Interestingly, in the recent volume on apologetic methodology referred to above, all five writers, including the two evidentialists, subscribed to the view that the Holy Spirit provides such knowledge and certain assurance to the believer. Very helpfully, Craig differentiates between “knowing” and “showing” Christianity to be true. Knowledge of the truth of Christian theism is due to the work of the Holy Spirit’s witness in the believer’s life. But showing Christianity to be true has to do with the presenting of evidences, some of which, like historical arguments, are probabilistic.
On this sort of approach, Bahnsen ought not object that other apologists are unbiblical in using probability arguments in spite of Scripture’s proclamation that historical events really occurred. One response to Bahnsen, as we have said, is that his critique of probabilistic research does not allow that this is as much as the discipline of history can yield. Further, direct assurance may be provided by the Holy Spirit, proceeding beyond what history can contribute. I think recent apologists are quite well agreed that the witness of the Holy Spirit provides believers with such absolute assurance.
(3) I will not respond in detail to whether Montgomery really succeeds in his six-premise apologetic argument from Scripture to Jesus’ resurrection to the truth of Christian theism. After all, I am unaware of a single, extended defense of this approach by Montgomery. So perhaps it was never his purpose to do anything but state the argument, along with defending it against some initial objections. To my knowledge, Montgomery never develops his argument beyond these contexts, and certainly not in a lengthy treatise. So for Bahnsen to address and examine it as a developed case is, I think, to miss the point.
Further, even if Bahnsen thinks that Montgomery’s inductive argument is less than compelling, the worst that can be said is that we need additional or better data (assuming that such exists). So the chief issue here is whether there is such evidence, not whether Montgomery presents it in detail. As I said, his treatment suggests that such was not even his purpose. The principle I am suggesting here is well known in logic, and is called the principle of charity. Namely, we ought to strengthen our opponent’s argument so that we are responding to its strongest form. The principal idea here is plain–if an argument can simply be patched up or arranged differently, then the critique may fail on that grounds alone. I am suggesting that Bahnsen should have addressed the argument as if the appropriate details had been included.
In sum, we have considered briefly three of the chief areas where Bahnsen critiques Montgomery (namely, the claimed use of positivistic methodology, probability, and his six-step evidential argument). In all three instances, Montgomery can reassert his positions. Perhaps some clarification is needed, as in pinpointing in even more detail how he has already allowed for the presence of subjective factors in historiography. Or Montgomery might present a further treatment of the work of the Holy Spirit specifically regarding apologetics. Some of his other arguments could also be further evidenced, although Montgomery could simply say that it was not his purpose to develop a case in any great detail, referring to texts where similar points have long been made. But I do not think that Bahnsen’s critique dismantles Montgomery’s overall approach, much less the evidentialist apologetic method as a whole.

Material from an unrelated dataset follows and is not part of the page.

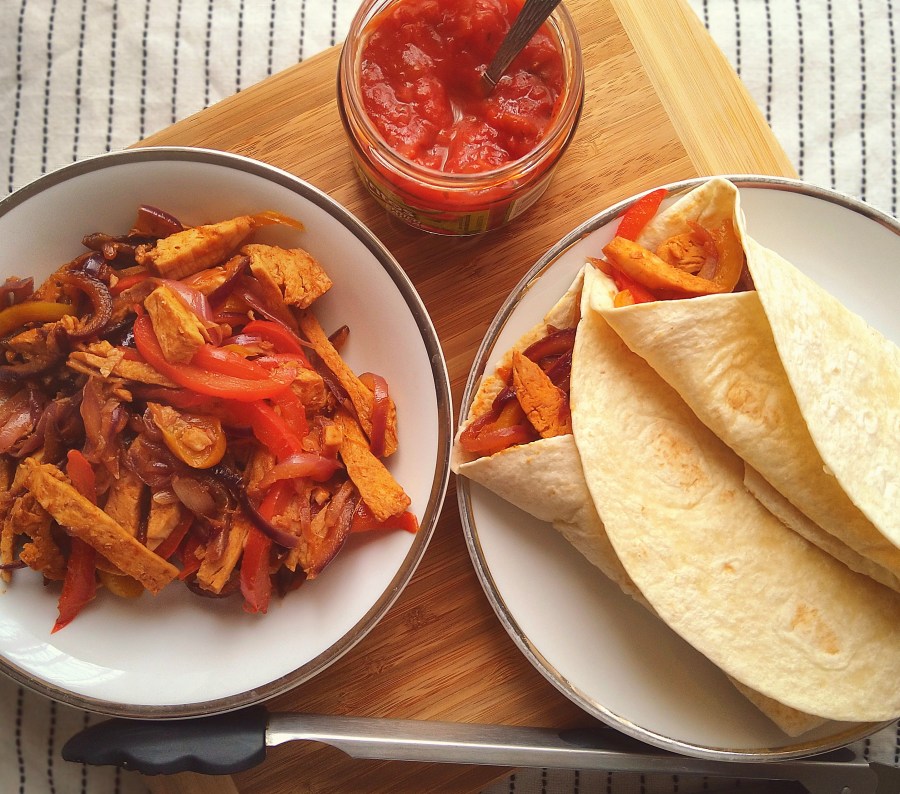 Vegan Chick’n Fajitas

Bahnsen’s Presuppositionalist Method and Positive Apologetics
One major concern that clearly emerges from reading published works from the Van Tillian presuppositional school of thought is that they seldom even attempt to develop positive evidences for Christian theism. A simply amazing phenomena here is that, while they clearly acknowledge the need to do so, they very rarely ever attempt it.
For example, Van Til acknowledges that he thinks it is important to “engage in historical apologetics.” But he explains that he does not do so because his colleagues in his seminary “are doing it better than I could do it.” Still, he adds a few suggestions on how such an effort should be done.

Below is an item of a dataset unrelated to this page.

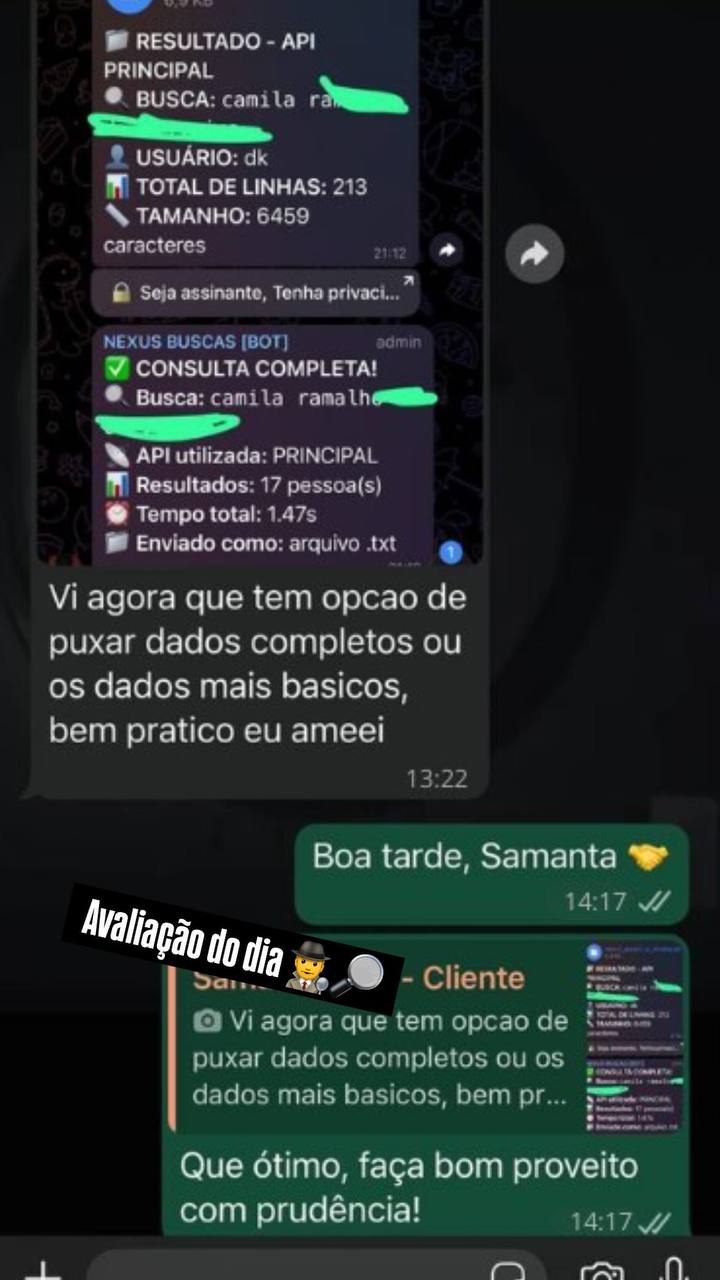 Feedback de cliente do Painel de Buscas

Now what is wrong with such a response? Is not modesty a laudable asset? The oddity of the matter, however, is when Van Til’s key pupils, such as Bahnsen and Frame, say exactly the same thing. The end result is that the three main proponents of this brand of presuppositionalism have all commended positive evidences, but backed away from actually producing them. The similarities of the responses may be surprising.
For example, Bahnsen acknowledges Van Til’s approval of historical evidences, listing some of Van Til’s caveats about doing so. Likewise, Bahnsen himself endorses historical evidences. But to my knowledge, Bahnsen never develops a case himself, either in his lengthy response to Montgomery, or elsewhere.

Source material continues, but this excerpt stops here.